* _What to work on_:
Every line below that contains "photogallery" is to be copied.

* _Material for this task_:
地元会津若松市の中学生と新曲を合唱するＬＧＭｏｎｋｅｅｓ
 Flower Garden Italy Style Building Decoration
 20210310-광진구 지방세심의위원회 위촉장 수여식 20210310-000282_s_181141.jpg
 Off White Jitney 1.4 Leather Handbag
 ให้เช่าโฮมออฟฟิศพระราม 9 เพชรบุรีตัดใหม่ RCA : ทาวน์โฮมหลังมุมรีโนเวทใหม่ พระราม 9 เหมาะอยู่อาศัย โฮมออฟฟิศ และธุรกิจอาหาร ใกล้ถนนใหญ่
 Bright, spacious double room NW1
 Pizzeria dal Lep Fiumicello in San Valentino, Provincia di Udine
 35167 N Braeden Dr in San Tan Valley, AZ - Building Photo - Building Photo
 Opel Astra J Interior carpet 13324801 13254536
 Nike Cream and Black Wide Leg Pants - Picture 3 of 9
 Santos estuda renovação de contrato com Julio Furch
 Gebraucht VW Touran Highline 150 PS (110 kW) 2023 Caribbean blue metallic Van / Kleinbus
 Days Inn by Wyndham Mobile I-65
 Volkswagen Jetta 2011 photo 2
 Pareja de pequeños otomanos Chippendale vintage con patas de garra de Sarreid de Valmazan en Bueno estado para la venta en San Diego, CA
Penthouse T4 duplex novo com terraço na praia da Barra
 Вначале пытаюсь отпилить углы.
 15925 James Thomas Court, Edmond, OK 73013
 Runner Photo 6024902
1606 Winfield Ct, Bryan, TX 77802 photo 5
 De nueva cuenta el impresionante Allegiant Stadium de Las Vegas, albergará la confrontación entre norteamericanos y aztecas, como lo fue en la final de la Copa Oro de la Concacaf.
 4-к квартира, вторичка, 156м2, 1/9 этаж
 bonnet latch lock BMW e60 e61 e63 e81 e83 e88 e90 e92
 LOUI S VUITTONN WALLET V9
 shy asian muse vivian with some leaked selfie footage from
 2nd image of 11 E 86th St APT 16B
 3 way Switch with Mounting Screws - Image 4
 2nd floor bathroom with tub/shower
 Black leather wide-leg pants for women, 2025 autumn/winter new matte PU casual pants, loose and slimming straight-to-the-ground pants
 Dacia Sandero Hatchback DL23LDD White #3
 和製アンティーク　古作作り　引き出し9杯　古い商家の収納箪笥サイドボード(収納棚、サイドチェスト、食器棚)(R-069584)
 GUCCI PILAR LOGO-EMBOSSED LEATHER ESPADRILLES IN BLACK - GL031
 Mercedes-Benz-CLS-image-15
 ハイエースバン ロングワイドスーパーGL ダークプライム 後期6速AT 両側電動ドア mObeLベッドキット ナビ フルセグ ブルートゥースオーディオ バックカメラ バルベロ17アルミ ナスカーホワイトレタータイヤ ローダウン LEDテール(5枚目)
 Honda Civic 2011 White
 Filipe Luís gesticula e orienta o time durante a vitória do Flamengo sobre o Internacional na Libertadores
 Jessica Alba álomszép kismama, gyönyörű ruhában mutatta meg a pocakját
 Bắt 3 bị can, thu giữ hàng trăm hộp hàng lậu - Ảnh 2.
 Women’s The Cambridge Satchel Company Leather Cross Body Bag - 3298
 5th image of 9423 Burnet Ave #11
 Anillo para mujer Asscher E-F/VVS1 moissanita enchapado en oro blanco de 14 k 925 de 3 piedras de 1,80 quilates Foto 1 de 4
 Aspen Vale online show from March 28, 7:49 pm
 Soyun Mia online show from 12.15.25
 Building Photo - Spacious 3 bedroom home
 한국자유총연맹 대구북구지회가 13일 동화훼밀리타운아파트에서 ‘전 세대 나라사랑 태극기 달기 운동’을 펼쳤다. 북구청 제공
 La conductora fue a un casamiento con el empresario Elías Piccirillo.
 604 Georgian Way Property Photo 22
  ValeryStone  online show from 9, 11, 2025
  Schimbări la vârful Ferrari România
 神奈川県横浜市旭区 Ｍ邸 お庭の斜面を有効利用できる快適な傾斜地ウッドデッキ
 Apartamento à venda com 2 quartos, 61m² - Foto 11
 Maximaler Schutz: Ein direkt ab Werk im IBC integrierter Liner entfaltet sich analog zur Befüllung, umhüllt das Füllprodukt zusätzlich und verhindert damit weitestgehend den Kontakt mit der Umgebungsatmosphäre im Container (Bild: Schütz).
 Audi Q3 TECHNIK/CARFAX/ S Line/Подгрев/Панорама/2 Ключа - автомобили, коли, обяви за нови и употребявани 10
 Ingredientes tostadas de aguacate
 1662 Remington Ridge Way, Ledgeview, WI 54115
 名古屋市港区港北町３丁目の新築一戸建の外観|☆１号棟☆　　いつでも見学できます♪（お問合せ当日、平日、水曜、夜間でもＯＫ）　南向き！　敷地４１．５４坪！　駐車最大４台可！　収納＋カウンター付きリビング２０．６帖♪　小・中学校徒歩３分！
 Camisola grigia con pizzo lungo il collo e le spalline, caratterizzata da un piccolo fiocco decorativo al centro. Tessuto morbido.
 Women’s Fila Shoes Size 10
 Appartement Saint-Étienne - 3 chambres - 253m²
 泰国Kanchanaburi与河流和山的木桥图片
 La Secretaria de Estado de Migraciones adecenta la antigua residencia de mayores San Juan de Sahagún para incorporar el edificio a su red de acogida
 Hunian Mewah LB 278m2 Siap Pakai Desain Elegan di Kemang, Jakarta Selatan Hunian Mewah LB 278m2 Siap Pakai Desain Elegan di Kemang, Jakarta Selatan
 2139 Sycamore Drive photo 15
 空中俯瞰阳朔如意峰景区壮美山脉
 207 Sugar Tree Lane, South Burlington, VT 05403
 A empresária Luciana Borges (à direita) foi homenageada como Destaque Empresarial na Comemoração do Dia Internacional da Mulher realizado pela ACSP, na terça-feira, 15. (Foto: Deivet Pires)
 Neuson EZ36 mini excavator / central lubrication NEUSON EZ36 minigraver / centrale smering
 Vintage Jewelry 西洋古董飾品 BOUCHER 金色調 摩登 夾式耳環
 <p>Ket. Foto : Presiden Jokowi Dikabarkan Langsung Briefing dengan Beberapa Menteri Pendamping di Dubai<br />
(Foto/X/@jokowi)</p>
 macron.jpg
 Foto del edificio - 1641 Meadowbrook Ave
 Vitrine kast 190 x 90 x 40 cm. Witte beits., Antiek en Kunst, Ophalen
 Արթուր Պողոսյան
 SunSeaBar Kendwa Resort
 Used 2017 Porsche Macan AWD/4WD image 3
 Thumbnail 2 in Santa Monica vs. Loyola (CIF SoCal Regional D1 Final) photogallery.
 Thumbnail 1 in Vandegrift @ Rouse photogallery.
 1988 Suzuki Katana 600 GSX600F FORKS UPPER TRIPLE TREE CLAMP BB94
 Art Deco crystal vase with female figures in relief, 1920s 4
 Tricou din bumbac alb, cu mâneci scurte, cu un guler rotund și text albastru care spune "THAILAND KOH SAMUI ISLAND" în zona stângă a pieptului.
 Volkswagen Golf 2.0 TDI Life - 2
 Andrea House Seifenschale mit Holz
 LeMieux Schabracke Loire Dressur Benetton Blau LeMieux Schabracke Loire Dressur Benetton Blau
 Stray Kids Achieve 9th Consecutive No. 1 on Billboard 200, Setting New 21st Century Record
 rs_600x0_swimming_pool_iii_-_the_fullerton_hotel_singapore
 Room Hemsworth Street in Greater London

* _Written response_:
 Thumbnail 2 in Santa Monica vs. Loyola (CIF SoCal Regional D1 Final) photogallery.
 Thumbnail 1 in Vandegrift @ Rouse photogallery.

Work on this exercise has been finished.